Analyzing the local energy minima found by the algorithm, we observed interesting structures in the low-energy landscape of the spin glasses. Spins flipped between relatively close local minima tend to cluster with a single large cluster contributing most to the energy difference. The distribution of cluster sizes follows a power-law distribution with an exponent close to − 2.1, which shows that rare events (i.e., atypical clusters) predominantly contribute to energy balance.

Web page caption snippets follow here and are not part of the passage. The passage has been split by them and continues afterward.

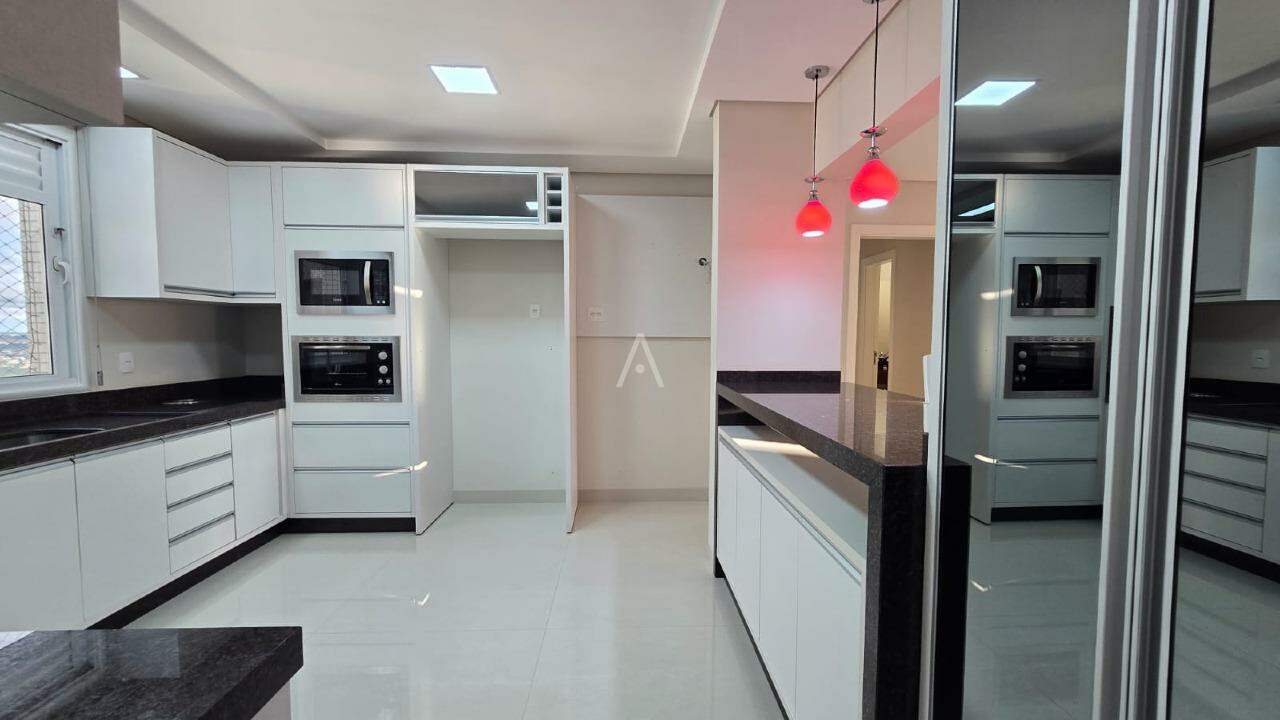 Apartamento para à venda no Bairro JARDIM LA SALLE em TOLEDO: 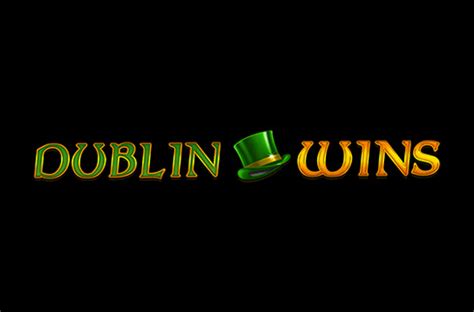 Dublin Wins Casino Aplicacao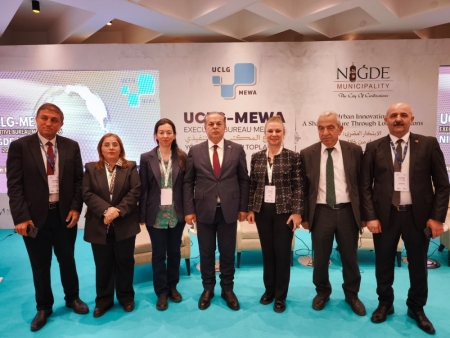 Safranbolu Belediyesi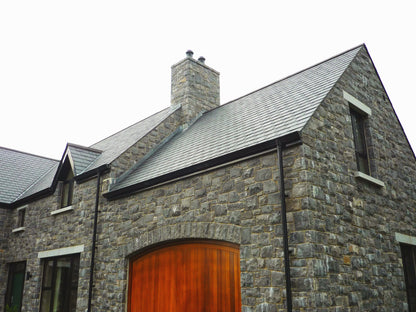 Blue Limestone - Tumbled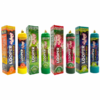 LOOPER WHIPS | SOUR GREEN APPLE | N20 | 1.0LT/CT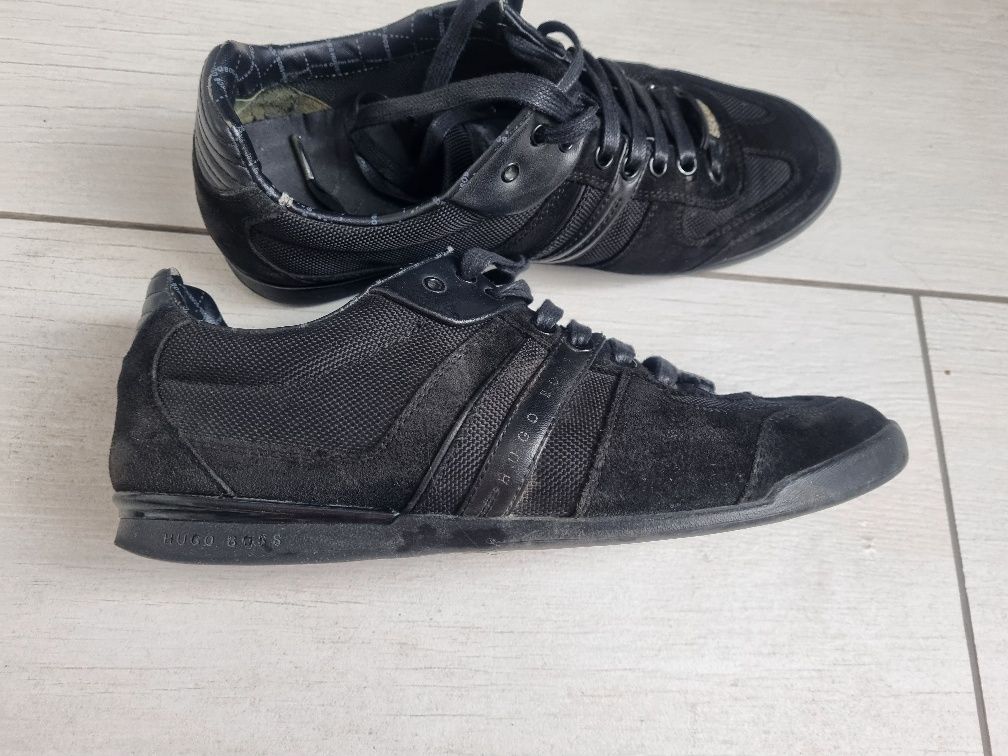 Vand pantofi sport Hugo Boss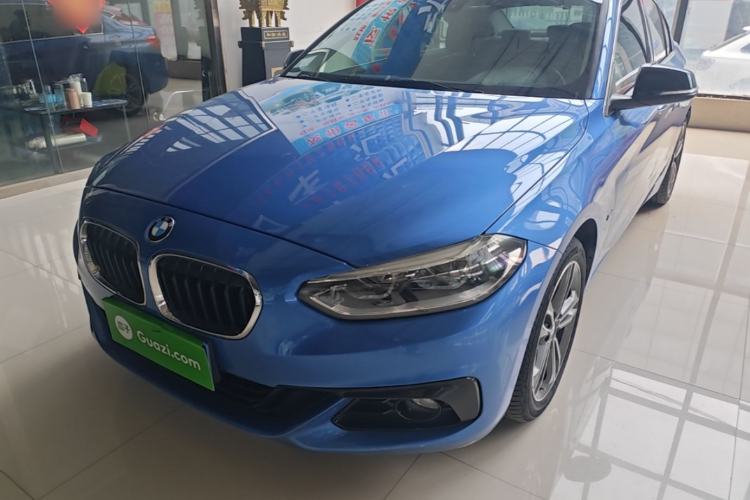 Used BMW 1 Series 2017 118i Sport Edition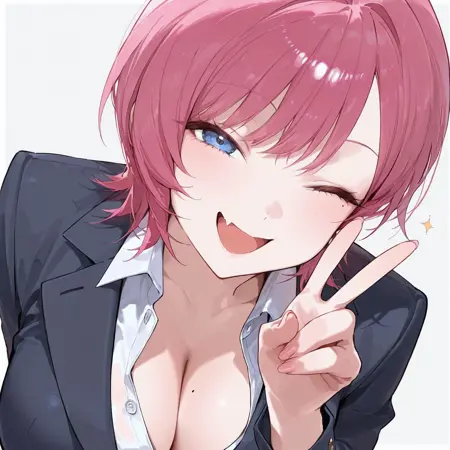 DFM Artist Style | Illustrious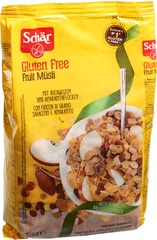 Fruit Muesli 6x375 gr.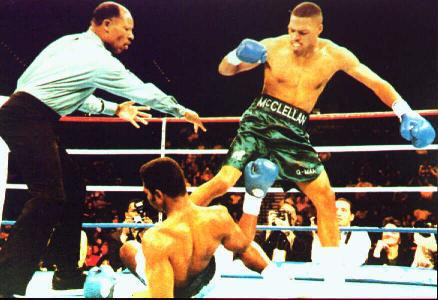 3.Jerald Makkellan va Jey Bell
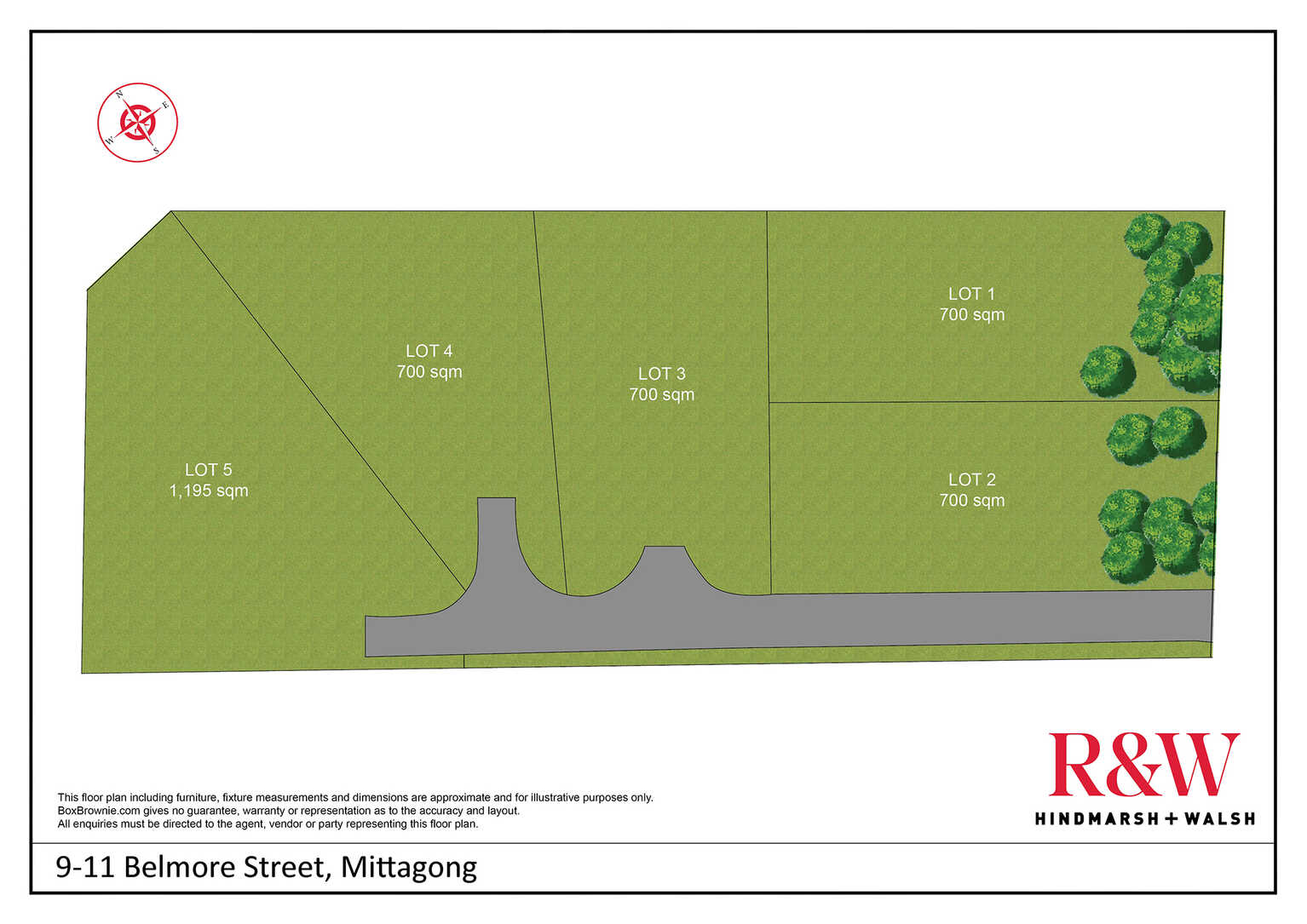 9-11 Belmore Street Mittagong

These findings provide useful clues into further improvements to optimization search.

Cyclic quantum annealing can provide experimental data on the statistics of deep minima in large 3D spin glasses. This advancement has the potential to shed light on longstanding conjectures in the field, see, e.g.50,51,52.

Cyclic quantum annealing

The traditional forward quantum annealing31 involves evolution along an open path that connects a Hamiltonian with ground state close to a product state with a Hamiltonian with unknown ground state. The idea is illustrated by the blue path in Fig. 1a. Cyclic annealing43 takes a closed path in the parameter space, passing through the Hamiltonian of the problem, depicted as an orange path in Fig. 1a. Such a cyclic process allows the energy to progressively decrease, cycle by cycle, until a satisfactorily deep low-energy state is achieved.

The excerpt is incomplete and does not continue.